Anglers have been petitioning the government to do something about the birds for more than a decade. But a perception that cormorant numbers are now out of control has resulted in a clamour for unprecedented action. Eleven groups, including the Angling Trust and the Salmon and Trout Association, are lobbying to influence a review by the Department for Environment, Food and Rural Affairs (Defra) into the control of piscivorours (fish-eating birds) to be published at the end of the year.

The groups want the law changed so that cormorants can be killed under a general licence, similar to those issued for the control of crows or wood pigeons. They complain that current licences allow holders to kill only a handful of birds a year – not nearly enough when cormorant numbers over winter have increased from around 2,000 in the early 1980s to nearly 25,000 now.

Even this number appears conservative to some. The Angling Trust's new Cormorant Watch website has logged close to 100,000 sightings of the birds. Anglers in Walthamstow Marshes close to the Lea say they often see 200-300 fly past them in just an hour.

But allowing cormorants to be culled like crows has alarmed naturalists. "This would be a new departure," said Grahame Madge of the RSPB. "It would be the first time a provision had been made [to cull a species] for sport. The population of cormorants is far lower than wood pigeons, which are almost in their millions. If it were introduced, it would be difficult to monitor how many were being killed and it could result in the population being reduced."
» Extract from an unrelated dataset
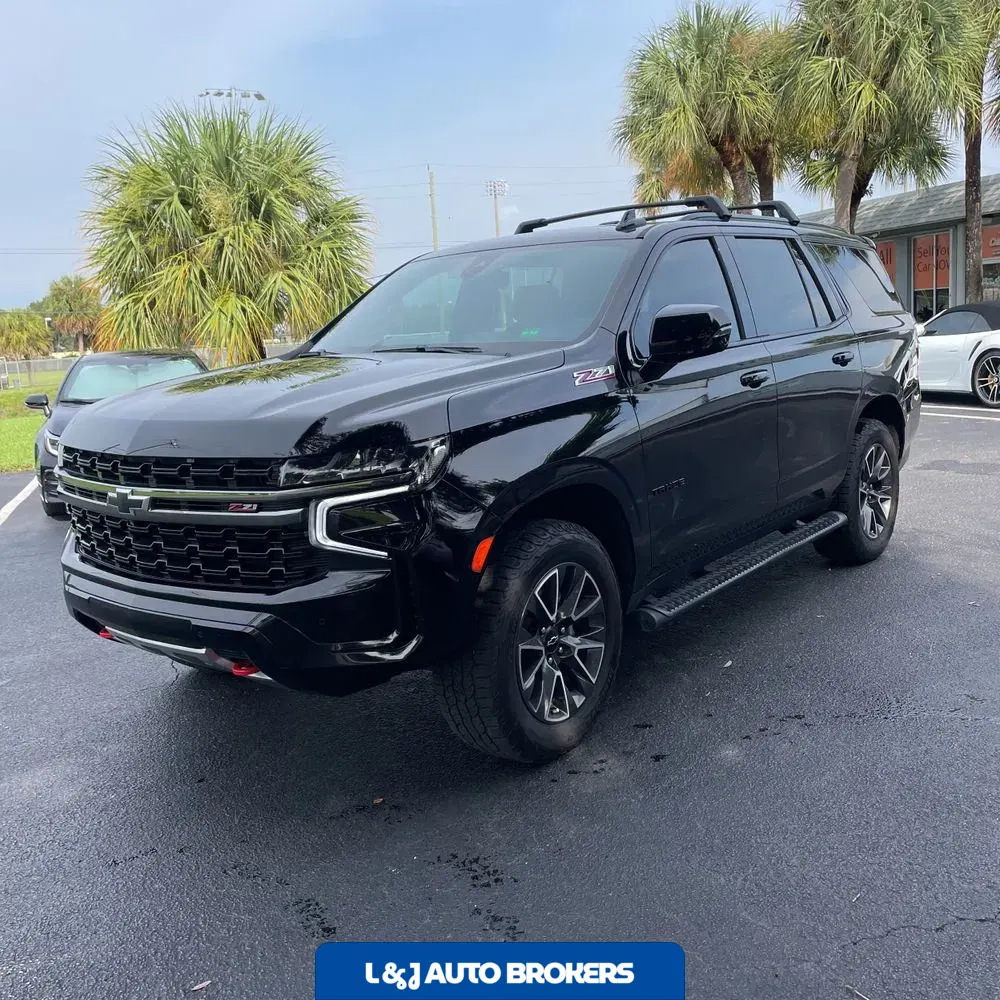 2022 Chevrolet Tahoe Z71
The RSPB is instead calling for anglers and fisheries owners to use non-lethal tactics to protect fish stocks.

"We tried scare tactics such as firing off a pistol, but that didn't work," said Dennis Meadhurst, secretary of Lee Anglers Consortium, which represents fishing clubs along the Lea. The consortium built reed beds and underwater cages to protect the fish from the birds, but with no success. Meadhurst said it had given up restocking the river because the cormorants, which alert each other to good prey, will simply descend on the new schools and devour them.

"We used to have lots of roach and dace and see gudgeon after gudgeon, but you hardly see any now," Meadhurst said. "We used to take around £60,000 a year [in fishing permits] but then in 1996 the cormorants came in and that was that. We are down to around £15,000 now."

Similar problems have been reported in the Lake District, Yorkshire, Kent and Scotland. Meadhurst, a birdwatcher, has no doubt what is responsible for the seabirds moving inland. "Commercial fishing has depleted the sea of fish stocks, because boats have been trawling too close to the shore. At the same time you've got farmers diversifying into fish farms for trout, offering cormorants free dinners all over the place."

The migration inland has affected the birds' diet. A cormorant needs around 300g of sea fish a day. But river fish are less fatty, meaning a bird will need to consume around double this amount.

The previous government increased the number of cormorants that could be killed a year from 500 to 3,000, a level that troubles the RSPB, which disputes claims the birds are responsible for a significant decline in river fish. "If there are cormorants at a site, most naturalists would say that means there are fish there," Madge said. "If they were eating all the fish, they would decline in numbers. There is no science to back up claims the situation is getting worse, but anglers want to reach for the shotgun."

Even the anglers think it unlikely the government will sanction a major cull. Meadhurst is gloomy about the prospects for the next generation of anglers. "You can't teach them to fish when they know the float isn't going to go under," he said. "They just won't be interested."